- [DIRECTIONS FOR THIS TASK]: Copy exactly the lines starting at the one that contains "from above, colorful, (best" and running through the end of the material below. Exclude any pictures.

- [SUPPLIED INFORMATION]:
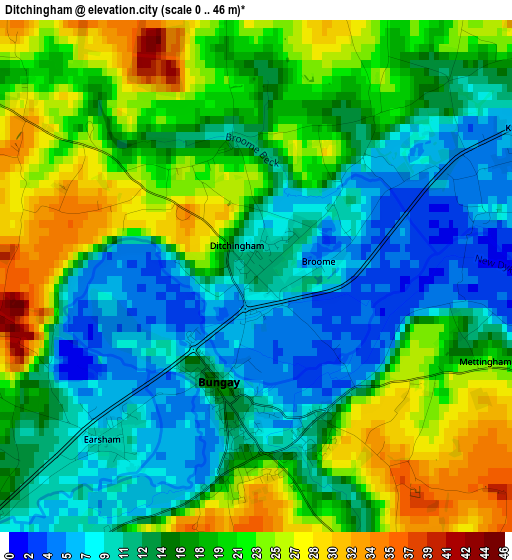 Ditchingham elevation map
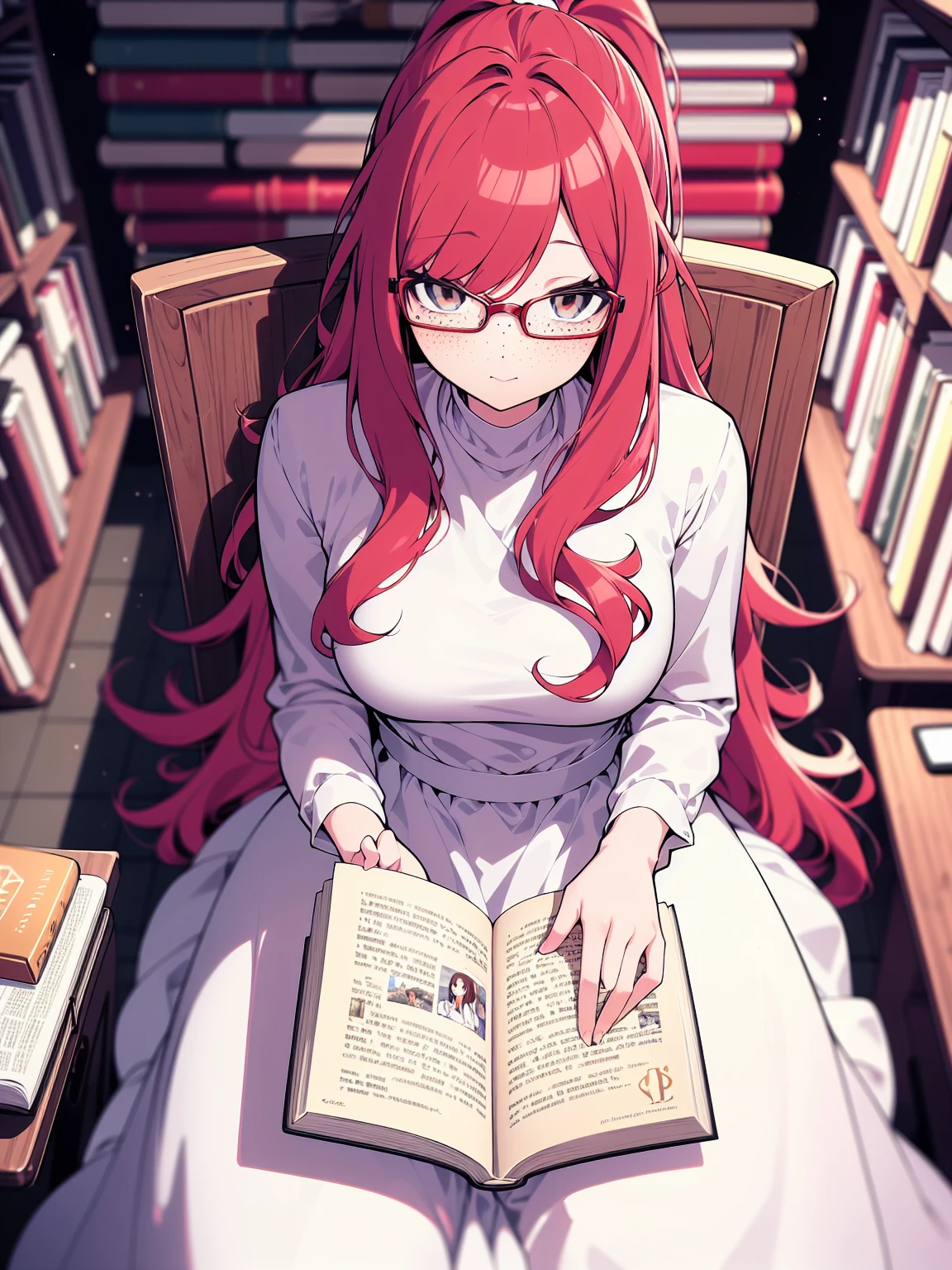 from above, colorful, (best quality, ultra-high resolution, depth of field:1.2), 1woman, long red hair, ponytail, hazel eyes, freckles, slender build, white dress, glasses, (library background), focused and serene, sitting, reading a book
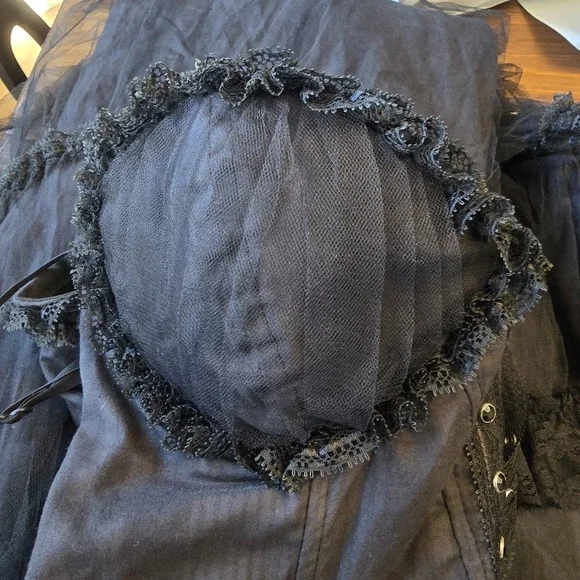 Stunning LIP SERVICE Gothic Whimsy Fairy Gown Corset Dress Black Tulle Lace M - Picture 13 of 15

- [WRITTEN ANSWER]:
 from above, colorful, (best quality, ultra-high resolution, depth of field:1.2), 1woman, long red hair, ponytail, hazel eyes, freckles, slender build, white dress, glasses, (library background), focused and serene, sitting, reading a book
 Stunning LIP SERVICE Gothic Whimsy Fairy Gown Corset Dress Black Tulle Lace M - Picture 13 of 15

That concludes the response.